What has eluded the dorks is a workable plan for revolution. So it’s with some urgency that Kathleen Hanna, the riot-grrrl-activist/dork-advocate who fronts Bikini Kill, offers her ideas. In a 1991 issue of her ’zine, Girl Power, Hanna does some heavy thinking on the cool/dork dichotomy. It’s a complex matter, and Hanna even provides some equations to limber up the brain: “dork+COOL=dorkykeen,” “DORK+cool=dorkcool.” But math is of little use when you’re engineering social upheaval, and Hanna’s objective is to dismantle the notion that we are branded either cool or dorky at birth. Her plan involves simple reverse psychology: “By claiming ‘dork’ as cool we can confuse and disrupt this whole process.”

Hanna’s strategy for revolution is hardly new if you consider that punk’s originators were basically just geeks who made something of it. But Hanna’s thing is that punks are boys—both cool and in a band because their gender allows them to be. “[C]ool attributes have been claimed by our society as male,” Hanna writes. “[T]he only way a person brought up GIRL can be ‘truly’ cool is to assimilate into male culture via toughness.”

Mission accomplished. From the get go, the members of Bikini Kill have been so obsessed with claiming the pleasures to which they are entitled as both women and rockers, with creating a scene where grrrls, queers, “sluts,” and the rest of society’s dorks could be the life of the party, that the music itself would get reduced to subtext if its primary purpose wasn’t to get people to notice. With Hanna screaming as if she’s trying to rid her lungs of impurities and the band attempting something similar on instruments, Bikini Kill became cool by proving it deserved to be and then used its status to chastise those who in the band’s dream world would be considered dorks of the lowest rank. “Don’t need your atti-fuckin-tude, boy,” Hanna sings on “Don’t Need You” from BK’s ’93 EP, Yeah Yeah Yeah Yeah. “Don’t need your dick to fuck.” To child molesters posing as fathers, Hanna says, “Suck My Left One.”

A legacy of 7-inches, tours, compilation tracks, Xeroxed propaganda, EPs, and the album Pussy Whipped now behind it, Bikini Kill has firmly established its motives. It has also established itself as the riot grrrl movement’s most consistently effective band. On “Statement of Vindication,” the blistering opener to BK’s latest, Reject All American, Hanna brings the song to a close, chanting “nah nah nah nah” with a liberating, I’ll-sing-about-nothing-if-I-want-to glee. It’s a virtual crash course in making nihilism fun.

Redirecting anger into joy is what fuels BK’s punk. It’s also the distinction that lifts the band above most indie rock. Evident in Hanna’s Rotten-on-the-rag howl is a determination you can’t help but rally behind.
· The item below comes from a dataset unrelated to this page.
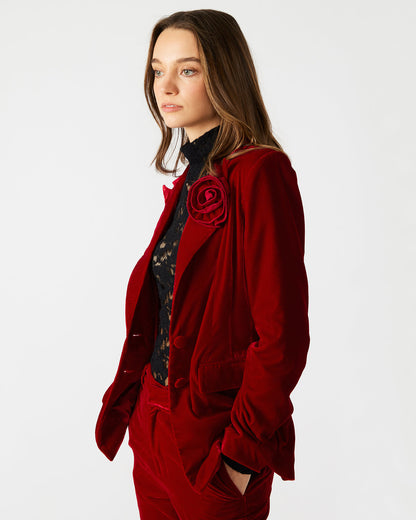 MERENE Blazer Red | Women's Long-Sleeved Button-Up Velvet Blazer | Steve Madden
But on much of BK’s previous work, Hanna was a soldier fighting without decent ground support. Hanna’s voice is an almost impossible force to match, and her band often struggled to keep up. On Reject, Bikini Kill, in particular “token boy” guitarist Bill Karren, has matured into the tightly wound hardcore unit it just occasionally emulated before. Ranting over “No Backrub”’s Bo Diddley beat or the streamlined, (dare I say) polished riffs of “Capri Pants” and “Jet Ski,” Hanna is obviously energized by the band’s vigor. With the collective strength of Reject, Bikini Kill fully lives out the precept under which riot grrrls and rappers find common ground: The chance for survival is greater in gang warfare than in one-on-one combat.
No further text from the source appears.